Pues bien, la explicación básica de ese auge financiero chino se encuentra en la política económica practicada en los últimos años por EE UU. Si echamos una ojeada a los datos oficiales de su balanza comercial veremos que a finales de junio su déficit ascendía a más de 825.000 millones de dólares, equivalente a un 6% de su PIB -¡por cierto, cifras estas mejores que las nuestras ya que en esa misma fecha el déficit español ascendía a la portentosa cifra equivalente al 8,6% de nuestro producto!-; buena parte del cual halla su contrapartida en la venta de productos chinos -aproximadamente un 50% de sus importaciones de bienes y servicios corresponde en un trimestre normal a compras efectuadas a China-. Como es de sobra conocido, en teoría ello debería revaluar la moneda china pero los dirigentes de ese país prefieren invertir sus cuantiosas reservas en activos financieros americanos -sobre todo títulos del Tesoro- a apreciar su moneda y mermar la competitividad de su comercio exterior.

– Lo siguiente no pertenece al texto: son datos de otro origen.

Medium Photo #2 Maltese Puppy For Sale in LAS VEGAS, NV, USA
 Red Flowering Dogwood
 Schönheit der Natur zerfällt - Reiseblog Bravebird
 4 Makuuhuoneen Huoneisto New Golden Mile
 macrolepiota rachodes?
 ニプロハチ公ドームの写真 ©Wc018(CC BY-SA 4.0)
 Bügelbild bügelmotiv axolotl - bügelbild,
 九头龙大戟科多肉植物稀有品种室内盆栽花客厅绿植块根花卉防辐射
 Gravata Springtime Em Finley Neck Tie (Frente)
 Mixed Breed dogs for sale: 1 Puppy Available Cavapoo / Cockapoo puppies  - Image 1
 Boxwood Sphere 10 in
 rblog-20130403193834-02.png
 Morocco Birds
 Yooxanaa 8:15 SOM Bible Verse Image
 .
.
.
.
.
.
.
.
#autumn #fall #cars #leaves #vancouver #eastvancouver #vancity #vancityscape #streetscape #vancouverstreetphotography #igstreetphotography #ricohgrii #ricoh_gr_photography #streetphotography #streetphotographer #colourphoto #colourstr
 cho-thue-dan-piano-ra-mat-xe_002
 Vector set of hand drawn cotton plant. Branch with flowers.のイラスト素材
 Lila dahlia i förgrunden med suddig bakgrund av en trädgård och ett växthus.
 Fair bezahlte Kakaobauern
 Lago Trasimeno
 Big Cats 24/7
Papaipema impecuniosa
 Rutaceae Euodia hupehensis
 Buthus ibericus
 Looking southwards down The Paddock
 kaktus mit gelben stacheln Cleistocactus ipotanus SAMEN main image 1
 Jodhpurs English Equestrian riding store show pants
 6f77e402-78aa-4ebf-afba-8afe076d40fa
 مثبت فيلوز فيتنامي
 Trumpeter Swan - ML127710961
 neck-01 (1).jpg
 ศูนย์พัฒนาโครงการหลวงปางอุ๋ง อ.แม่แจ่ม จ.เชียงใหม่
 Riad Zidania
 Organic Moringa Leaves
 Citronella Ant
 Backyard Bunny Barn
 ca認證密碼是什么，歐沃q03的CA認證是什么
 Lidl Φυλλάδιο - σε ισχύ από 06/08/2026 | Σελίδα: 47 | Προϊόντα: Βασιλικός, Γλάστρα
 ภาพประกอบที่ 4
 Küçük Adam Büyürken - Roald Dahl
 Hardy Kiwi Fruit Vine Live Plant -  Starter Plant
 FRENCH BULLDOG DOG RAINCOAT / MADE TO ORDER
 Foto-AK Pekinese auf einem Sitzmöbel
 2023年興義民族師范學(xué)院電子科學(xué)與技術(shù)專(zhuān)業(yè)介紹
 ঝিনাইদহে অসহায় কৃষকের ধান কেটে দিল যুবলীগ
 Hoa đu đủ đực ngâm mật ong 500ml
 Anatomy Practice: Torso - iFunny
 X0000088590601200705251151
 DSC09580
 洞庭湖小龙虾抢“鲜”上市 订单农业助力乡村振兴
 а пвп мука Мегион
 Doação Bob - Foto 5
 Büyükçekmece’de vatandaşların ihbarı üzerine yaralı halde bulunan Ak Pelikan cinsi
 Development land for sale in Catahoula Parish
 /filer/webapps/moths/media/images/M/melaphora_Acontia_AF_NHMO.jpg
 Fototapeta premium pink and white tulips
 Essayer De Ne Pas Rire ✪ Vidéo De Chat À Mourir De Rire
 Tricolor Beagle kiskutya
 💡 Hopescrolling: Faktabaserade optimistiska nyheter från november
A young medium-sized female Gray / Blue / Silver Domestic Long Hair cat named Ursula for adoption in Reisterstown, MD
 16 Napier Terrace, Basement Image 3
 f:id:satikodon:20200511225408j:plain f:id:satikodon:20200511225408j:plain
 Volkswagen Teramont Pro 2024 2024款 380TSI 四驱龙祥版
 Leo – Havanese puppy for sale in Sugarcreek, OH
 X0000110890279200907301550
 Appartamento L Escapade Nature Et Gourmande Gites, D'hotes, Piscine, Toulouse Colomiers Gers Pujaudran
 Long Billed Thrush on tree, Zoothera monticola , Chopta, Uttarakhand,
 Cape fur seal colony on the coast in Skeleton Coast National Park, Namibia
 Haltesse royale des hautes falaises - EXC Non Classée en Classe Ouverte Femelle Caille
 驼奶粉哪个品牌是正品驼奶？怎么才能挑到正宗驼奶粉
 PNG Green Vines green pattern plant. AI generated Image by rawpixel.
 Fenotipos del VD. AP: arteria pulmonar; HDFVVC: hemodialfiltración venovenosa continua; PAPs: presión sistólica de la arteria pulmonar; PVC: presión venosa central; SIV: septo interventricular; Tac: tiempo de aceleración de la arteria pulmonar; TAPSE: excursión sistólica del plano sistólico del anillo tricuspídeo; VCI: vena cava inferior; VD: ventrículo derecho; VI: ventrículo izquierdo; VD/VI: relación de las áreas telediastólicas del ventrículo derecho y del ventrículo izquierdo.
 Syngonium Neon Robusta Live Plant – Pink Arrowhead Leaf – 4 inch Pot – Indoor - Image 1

Periódicamente hay protestas formales de los americanos exigiendo la revaluación del yuan pero en el fondo los responsables económicos se siente cómodos con el esquema entre otras razones porque contribuye en buena medida a moderar el crecimiento de la inflación en EE UU.

Nada menos que el actual presidente de la Reserva Federal, Ben Bernanke, en su época de profesor universitario, mantenía que no existía una escasez de ahorro americano sino un exceso de ahorro exterior que encontraba una forma natural de invertirse en la compra de activos americanos. Pero hace algún tiempo las cosas empezaron a complicarse cuando las empresas chinas intentaron adquirir empresas americanas y es que, claro, una cosa es comprar bonos del Tesoro a 30 años y otra quedarse con empresas, con todo lo que ello significa.

El caso europeo es algo diferente. Para empezar y según datos de Eurostat durante el primer cuatrimestre del año la UE importó de China el 11% de sus compras en el exterior, bastante más de lo que los chinos nos compraron, generando así un déficit de 50.000 millones de. Pero la alarma ante el apetito chino por las inversiones directas empieza a cundir en Europa -en la primera semana de agosto se supo que Lenovo, una empresa china que es el tercer fabricante mundial de ordenadores personales intenta comprar la europea Packard Bell con el fin, ha dicho su presidente, un gran empresario afiliado al Partido Comunista, de ganar cuota de mercado en nuestro continente- y parece estar más que justificada.

No es nada fácil obtener estadísticas actualizadas de las reservas exteriores chinas, pero las que publica en su página web el Banco central chino son, además de atrasadas, realmente impresionantes, sobre todo si se tiene en cuenta que con ellas podrían comprarse, con datos a 30 de junio, todas las empresas cotizadas en las Bolsas de Madrid, Fráncfort y Londres -y después del varapalo de la última semana quién sabe si igualmente las cotizadas en Euronext-.

Es indudable, pues, que estamos ante un grave problema que exige urgentemente una estrategia común, al menos en el seno de la UE. Países miembros activos de la Organización Mundial de Comercio, como es el caso de los nuestros, tendría dificultades en adoptar medidas abiertamente proteccionistas, pero acaso deberían estudiar la legislación china en esta materia y limitarse a aplicarla en un espíritu de estricta reciprocidad.